“A former police detective juggles wrestling with his personal demons and becoming obsessed with a hauntingly beautiful woman.”

Director: Alfred Hitchcock
Writers: Alec Coppel, Samuel A. Taylor, Peirre Boileau, Thomas Narcejac, Maxwell Anderson
Staring: James Stewart, Kim Novak, Barbara Bel Geddes, Tom Helmore
Streaming: Amazon Prime
Release Date: May 22, 1958

Vertigo is the story of a retired San Francisco detective John Ferguson (James Stewart) and his entanglements while trying to help out his friend, Galvin Elster (Tom Helmore). Galvin hires Ferguson, known as Scottie to friends, to follow his wife, Madeleine Elster (Kim Novak). Galvin thinks that Madeleine is possessed by someone not herself and therefore his wife is a danger to herself without knowing it. Thus the web is laid out, and Scottie is the one who gets caught in something he can’t quite figure out. Vertigo weaves through drama and romance that, maybe unknowingly, places the audience in uncomfortable shoes.

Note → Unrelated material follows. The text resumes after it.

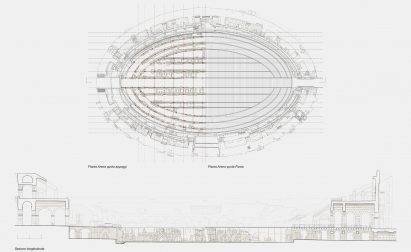 Retractable floor in the Colosseum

In terms of the Alfred Hitchcock pantheon of films, many consider Vertigo one of his best. This starts a stretch where Hitchcock made Vertigo, followed by North By Northwest (1959), Psycho (1960) and The Birds (1963). Vertigo was ranked 61st on AFI’s Top 100 films list (granted I know this is outdated), and it is ranked #92 all-time on Rotten Tomatoes.

I am here to say that that I respectfully disagree with all the acclaim. While Vertigo is by no means a bad movie, it is not up to par with other HItchcock classics.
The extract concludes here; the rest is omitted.